O carro é uma invenção recente. As experiências decisivas datam do final do século dezanove, e a sua difusão generalizada aconteceu nas décadas seguintes. A bicicleta, se bem que um pouco mais antiga, teve um percurso inicial paralelo ao do automóvel. O comboio começou a transportar passageiros em 1830. No entanto, o meio de deslocação mais vulgar do mundo começou muito antes, há centenas de milhares de anos. Esse meio é a deslocação a pé.

Com o crescente predomínio mundial do automóvel, a tendência das sociedades modernas para andar cada vez menos a pé parece um retrocesso civilizacional. Aparentemente, quanto mais evoluímos, mais regredimos nas nossas deslocações.

A gestão urbana moderna costuma hierarquizar os modos de deslocação da seguinte maneira (do mais importante ao menos): pedonal; bicicleta (e mota) e transportes públicos; carro. Isto vale, por exemplo, em termos ecológicos: um peão não polui; as bicicletas poluem apenas no processo de fabrico; o carro e o transporte público poluem na sua produção e ao se moverem. No entanto, é sempre preferível um autocarro meio cheio do que um carro meio vazio. Em termos sociais a hierarquização é igual: se a pé nos mantemos em contacto uns com os outros, de carro fugimos da realidade. Em termos de espaço, igual: um carro estacionado ocupa o espaço deixado livre pelo peão. Igual é a análise em termos de saúde pública. E por aí fora.

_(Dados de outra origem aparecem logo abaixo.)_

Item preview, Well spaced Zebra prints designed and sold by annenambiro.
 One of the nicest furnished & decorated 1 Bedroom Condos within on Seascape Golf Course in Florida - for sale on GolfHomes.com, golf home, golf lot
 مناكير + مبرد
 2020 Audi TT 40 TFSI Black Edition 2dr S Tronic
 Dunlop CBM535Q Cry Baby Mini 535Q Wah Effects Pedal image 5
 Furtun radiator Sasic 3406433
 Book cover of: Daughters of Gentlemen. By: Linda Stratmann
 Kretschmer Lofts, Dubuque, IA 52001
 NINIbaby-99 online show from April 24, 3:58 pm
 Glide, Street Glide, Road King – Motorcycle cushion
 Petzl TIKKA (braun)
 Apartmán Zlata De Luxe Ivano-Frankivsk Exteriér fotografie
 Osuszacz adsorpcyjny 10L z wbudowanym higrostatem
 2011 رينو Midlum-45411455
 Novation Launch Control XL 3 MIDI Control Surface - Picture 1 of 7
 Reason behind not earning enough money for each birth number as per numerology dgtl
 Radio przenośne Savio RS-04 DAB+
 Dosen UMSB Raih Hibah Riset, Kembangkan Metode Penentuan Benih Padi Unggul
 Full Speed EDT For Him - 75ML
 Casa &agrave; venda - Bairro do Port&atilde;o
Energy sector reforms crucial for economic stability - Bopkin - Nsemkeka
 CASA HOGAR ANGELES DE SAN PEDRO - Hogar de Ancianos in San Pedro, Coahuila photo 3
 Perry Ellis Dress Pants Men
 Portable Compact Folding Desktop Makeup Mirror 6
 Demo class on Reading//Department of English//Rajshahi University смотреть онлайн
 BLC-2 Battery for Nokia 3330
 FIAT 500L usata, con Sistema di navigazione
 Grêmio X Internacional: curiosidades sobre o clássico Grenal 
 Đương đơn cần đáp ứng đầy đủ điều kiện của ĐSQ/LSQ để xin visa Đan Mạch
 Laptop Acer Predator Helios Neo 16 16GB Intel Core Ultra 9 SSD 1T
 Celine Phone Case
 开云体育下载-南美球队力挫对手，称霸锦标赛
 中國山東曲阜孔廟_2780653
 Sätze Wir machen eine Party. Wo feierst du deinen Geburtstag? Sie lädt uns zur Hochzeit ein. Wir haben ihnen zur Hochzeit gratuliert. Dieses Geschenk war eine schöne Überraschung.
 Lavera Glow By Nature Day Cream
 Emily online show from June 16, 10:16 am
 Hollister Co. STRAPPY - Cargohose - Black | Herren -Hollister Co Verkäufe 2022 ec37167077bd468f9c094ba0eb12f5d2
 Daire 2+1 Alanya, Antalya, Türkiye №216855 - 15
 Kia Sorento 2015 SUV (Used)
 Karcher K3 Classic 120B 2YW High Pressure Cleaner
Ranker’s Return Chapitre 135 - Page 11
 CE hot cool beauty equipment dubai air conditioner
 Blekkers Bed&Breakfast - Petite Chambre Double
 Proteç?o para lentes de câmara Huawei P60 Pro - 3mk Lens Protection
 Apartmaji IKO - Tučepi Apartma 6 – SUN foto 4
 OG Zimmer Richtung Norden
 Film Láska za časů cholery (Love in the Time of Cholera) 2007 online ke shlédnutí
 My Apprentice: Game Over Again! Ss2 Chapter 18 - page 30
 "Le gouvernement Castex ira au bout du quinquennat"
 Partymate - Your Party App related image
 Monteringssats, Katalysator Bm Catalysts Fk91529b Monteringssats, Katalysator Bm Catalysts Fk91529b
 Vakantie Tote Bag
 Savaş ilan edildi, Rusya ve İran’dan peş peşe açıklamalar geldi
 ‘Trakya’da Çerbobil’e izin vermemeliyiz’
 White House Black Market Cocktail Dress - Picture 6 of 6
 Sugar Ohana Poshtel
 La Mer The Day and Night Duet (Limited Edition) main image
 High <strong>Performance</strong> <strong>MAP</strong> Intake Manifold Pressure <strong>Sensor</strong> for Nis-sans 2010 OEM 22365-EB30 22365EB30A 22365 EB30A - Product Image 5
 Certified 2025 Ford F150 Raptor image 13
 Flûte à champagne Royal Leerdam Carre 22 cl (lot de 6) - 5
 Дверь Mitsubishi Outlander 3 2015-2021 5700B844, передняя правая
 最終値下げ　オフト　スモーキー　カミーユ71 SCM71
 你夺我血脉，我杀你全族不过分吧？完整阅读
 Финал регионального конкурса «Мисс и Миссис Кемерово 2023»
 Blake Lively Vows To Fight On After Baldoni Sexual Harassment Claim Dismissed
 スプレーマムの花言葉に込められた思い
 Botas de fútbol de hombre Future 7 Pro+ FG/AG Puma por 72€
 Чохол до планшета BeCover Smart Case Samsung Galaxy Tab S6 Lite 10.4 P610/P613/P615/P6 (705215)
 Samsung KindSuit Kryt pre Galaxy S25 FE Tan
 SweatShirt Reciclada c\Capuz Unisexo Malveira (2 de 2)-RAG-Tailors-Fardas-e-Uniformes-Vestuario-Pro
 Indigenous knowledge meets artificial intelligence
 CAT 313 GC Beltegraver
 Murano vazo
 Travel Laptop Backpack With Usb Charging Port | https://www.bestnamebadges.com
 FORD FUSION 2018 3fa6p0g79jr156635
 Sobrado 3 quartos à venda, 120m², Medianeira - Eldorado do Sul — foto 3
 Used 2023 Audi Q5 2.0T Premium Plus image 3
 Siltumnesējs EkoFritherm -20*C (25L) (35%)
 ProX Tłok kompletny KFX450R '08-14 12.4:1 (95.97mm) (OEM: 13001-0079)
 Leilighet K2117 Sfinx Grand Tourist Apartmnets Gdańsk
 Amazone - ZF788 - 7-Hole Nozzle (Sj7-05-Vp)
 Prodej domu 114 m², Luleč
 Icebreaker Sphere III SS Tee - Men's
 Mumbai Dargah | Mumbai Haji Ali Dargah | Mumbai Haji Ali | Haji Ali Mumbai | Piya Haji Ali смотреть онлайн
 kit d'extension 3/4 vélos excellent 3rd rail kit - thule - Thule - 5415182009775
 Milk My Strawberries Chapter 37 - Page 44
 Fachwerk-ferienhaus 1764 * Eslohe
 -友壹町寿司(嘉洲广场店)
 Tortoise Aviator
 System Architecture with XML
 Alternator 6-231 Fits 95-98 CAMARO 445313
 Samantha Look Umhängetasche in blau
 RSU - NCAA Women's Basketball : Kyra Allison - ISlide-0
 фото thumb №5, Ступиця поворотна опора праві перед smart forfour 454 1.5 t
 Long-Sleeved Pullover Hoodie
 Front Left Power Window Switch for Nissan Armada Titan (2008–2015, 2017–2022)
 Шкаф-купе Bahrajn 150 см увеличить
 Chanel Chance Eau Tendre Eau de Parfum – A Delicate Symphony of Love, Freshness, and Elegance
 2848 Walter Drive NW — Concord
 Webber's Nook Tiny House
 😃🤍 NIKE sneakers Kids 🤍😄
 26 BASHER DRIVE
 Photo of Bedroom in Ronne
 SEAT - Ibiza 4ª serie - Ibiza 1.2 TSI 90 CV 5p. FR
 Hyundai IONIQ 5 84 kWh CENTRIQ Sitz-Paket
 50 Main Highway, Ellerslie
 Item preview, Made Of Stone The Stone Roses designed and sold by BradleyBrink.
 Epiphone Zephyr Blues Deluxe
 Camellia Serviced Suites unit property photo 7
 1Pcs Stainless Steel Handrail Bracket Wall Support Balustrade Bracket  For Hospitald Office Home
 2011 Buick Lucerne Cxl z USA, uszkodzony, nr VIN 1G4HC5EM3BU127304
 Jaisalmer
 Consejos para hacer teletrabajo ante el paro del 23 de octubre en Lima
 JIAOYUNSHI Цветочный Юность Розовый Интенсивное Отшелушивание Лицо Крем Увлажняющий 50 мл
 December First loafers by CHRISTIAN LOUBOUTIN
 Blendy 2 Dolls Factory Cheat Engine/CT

No mundo moderno o carro é rei. Se existem países europeus em que as políticas públicas têm debelado esse predomínio, nos países em vias de desenvolvimento a tendência é a do crescimento do uso do carro, e do consequente abandono dos modos tradicionais de deslocação. E o transporte público, que necessita de investimento para prosperar, não resiste ao lóbi automóvel

Em Portugal o modo pedonal continua relevante nas deslocações de muita gente, mesmo comparando com a situação europeia, mas a deslocação em bicicleta (outrora forte em várias zonas do país) e em transporte público (em 20 anos perdemos 40% dos passageiros de comboios) têm dado lugar ao automóvel. Se a perda de passageiros no transporte público se deve ao fecho de linhas ferroviárias e ao desinvestimento crónico, a residualidade do uso diário da bicicleta deve-se ao não-investimento infraestrutural, mas sobretudo à depreciação social desse meio de transporte. E tudo isto é causado pelo predomínio do automóvel.

A título de exemplo refiro o Porto (e arredores). A sua rede de elétricos (o Porto teve a primeira linha da Península) atingiu 150 quilómetros de extensão; os tróleis vieram desocupar os elétricos, e por sua vez os autocarros; o metro veio colmatar um vazio existente, custando, no entanto, mais de mil milhões de euros a instalar. Outro exemplo: entre o Porto e Vila do Conde existia uma ciclovia com mais de 25 km, paralela à EN13, desmantelada para aumentar o espaço para os carros. Por toda a área metropolitana gastam-se milhões para construir ciclovias, quando as infraestruturas existentes foram abandonadas. No extremo oposto, a rede de autoestradas foi crescendo ao ponto de sermos o país europeu com mais quilómetros per capita. É este o uso racional dos dinheiros públicos?"